03d3a5c7.jpg今、アチコチに原稿を書きながら、11月末にリリース予定になっているLight Mellow和モノ・シリーズ第2弾の収録曲やイメージについて、詰めの段階に入っている。その中に、ズバリ"PURE"というタイトルが候補になっているのがあった。だからこのボニー・ジェイムスの新譜を手にして、結構ビックリ。結局そちらは他のタイトルに落ち着いたが、イメージはやっぱり繋がってる。うぅ〜ん、良いのか悪いのか…!?
そもそも自分は、最近のスムース・ジャズには少々頷けないモノがあって。もちろんサウンド自体はキライじゃない。っていうか、結構積極的に好きカモ。多分AORもフュージョンもブラコンも聴くって人は、みんなそうじゃないかと思うが。
ただ問題なのは、あまりに無個性なアーティストが多過ぎるってコト。

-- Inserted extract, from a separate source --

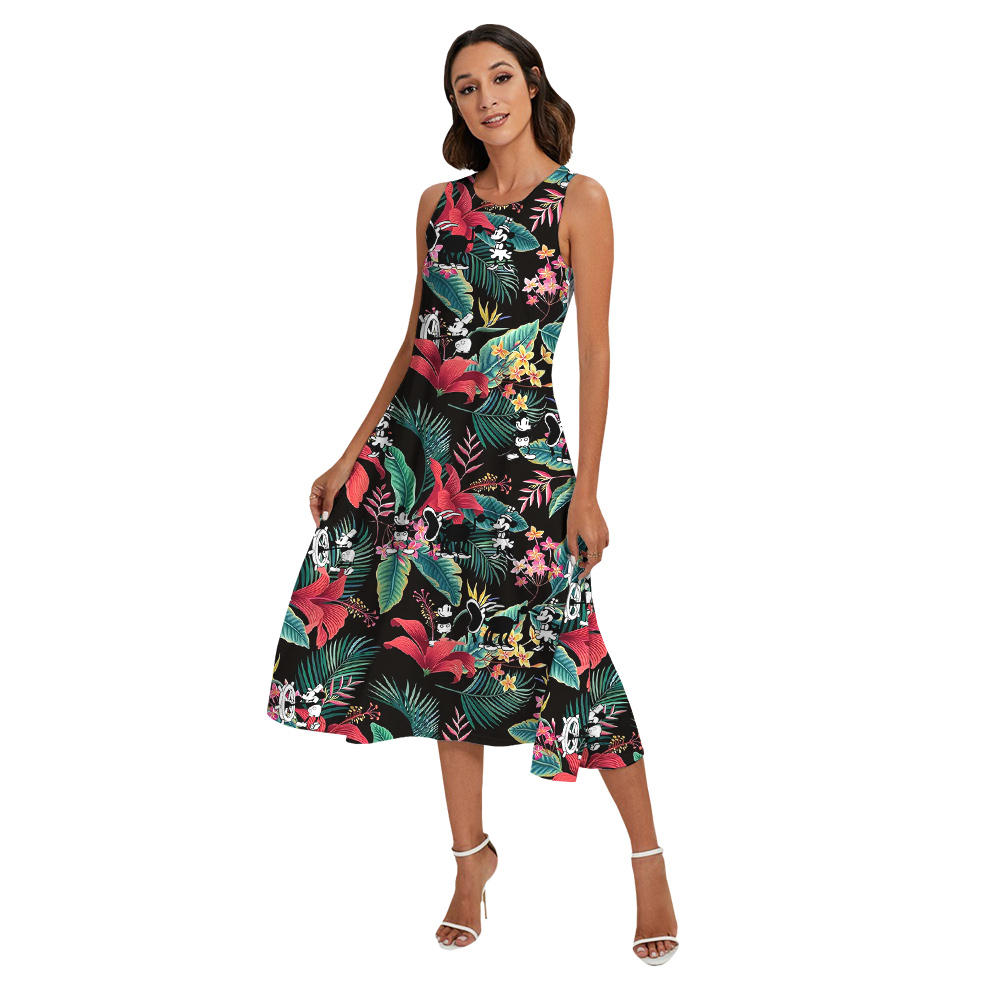 Tropical Floral Mickey Steamboat Willie Matching Aloha Wear For Family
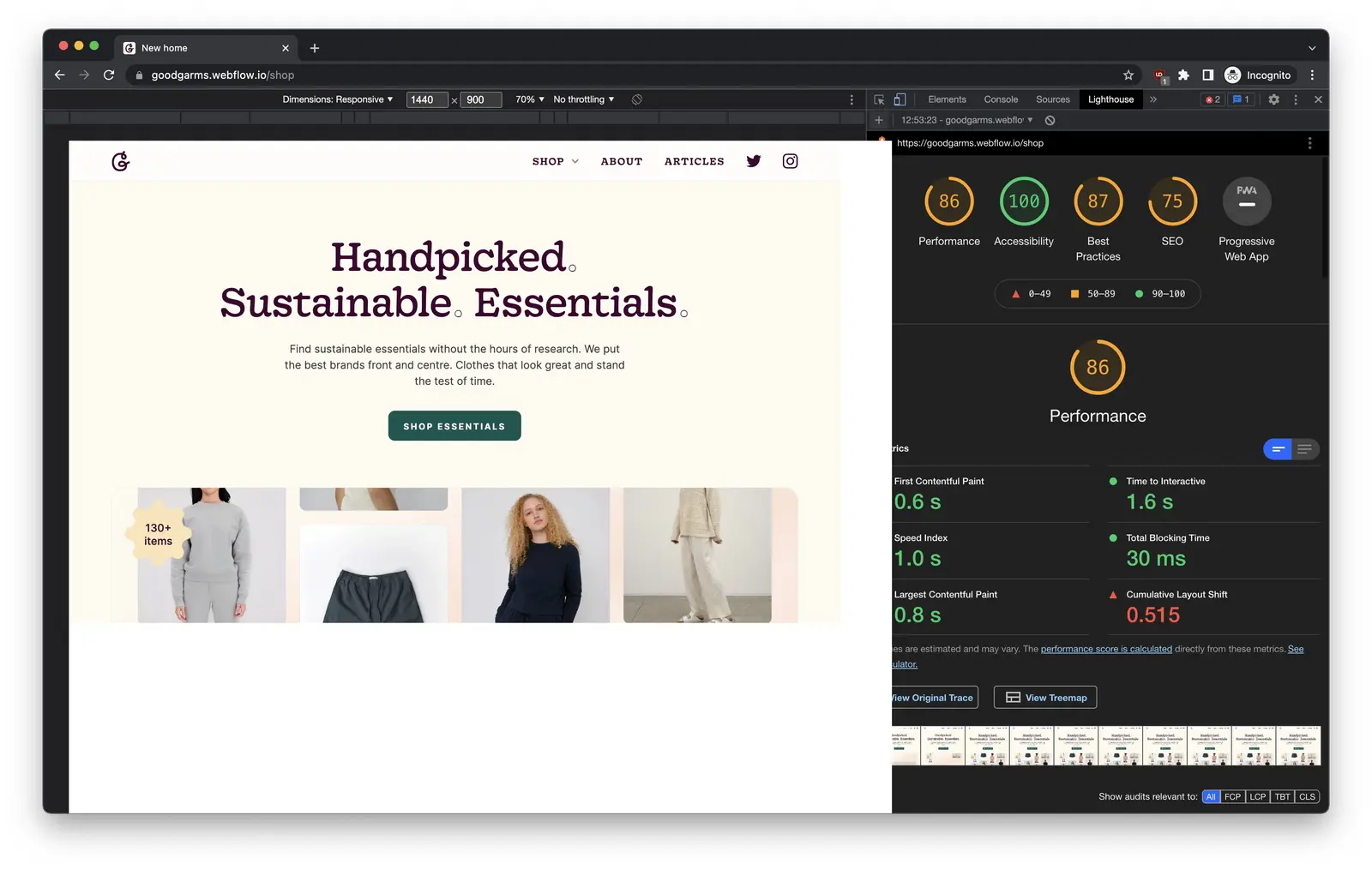 Google Lighthouse showing the performance, accessibility, best practices, and SEO scores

だから例えばラリー・カールトンのスムース・ジャズ作などは、プロデュースがお決まりのポール・ブラウンであっても、彼のギターが鳴り出せば「オッ、カールトンだ」とすぐに気づく。それはサンボーンやグローヴァー、ケニーGなどでも同じ。でもスムース・ジャズの時代になってから台頭してきたアーティストは、個性よりスタイルありき。だから、誰が誰やら聴き分けられない。もちろん「それはアンタの聴き込み不足」というご指摘はあるだろう。でも70'sのインストゥルメンタリストって、楽器の音色自体にオリジナリティーがあったよね。でも最近のスムース・ジャズにはそれがない。

このボニー・ジェームスは、ソロを出し始めた時からずっとチェックしているサックス奏者。元々ボビー・コールドウェルのバックで吹いていて注目され、92年にデビュー。ここ数年でメキメキ人気をつけ、近年の作品には風格が出てきた。この新作『PURE』でも、BILALという新進気鋭のシンガーを迎えたり、ベテランのジョー・サンプルと共演したりと、まさに脂が乗り切った状態。かなりハイ・レヴェルの仕上がりである。
ただそれでも個性という面では、今ひとつ納得ができない。それは決してボニーだけでなく、リック・ブラウン(tr)やブライアン・カルバートソン(kyd)など、他のスムース・ジャズ系人気アーティストでも同じ。その人ならではの味わいが薄く、「スムース・ジャズなら何でも良い」になってしまう。極論すれば、彼らは心地良い音楽を再生産しているだけで、魂をぶつけ合うほどクリエイトしてはいない。それなりに苦労するものの、比較的軽く作れてしまうから、自分だけの音や手法は生まれづらいのだ。

音楽としてのスムース・ジャズは悪くない。しかしこのままでは70〜80点レベルの作品ばかりで、真の名盤は生まれない。でも、そうしたアルバムのリリースさえ見送られてしまう日本の状況は、もっと良くないかも。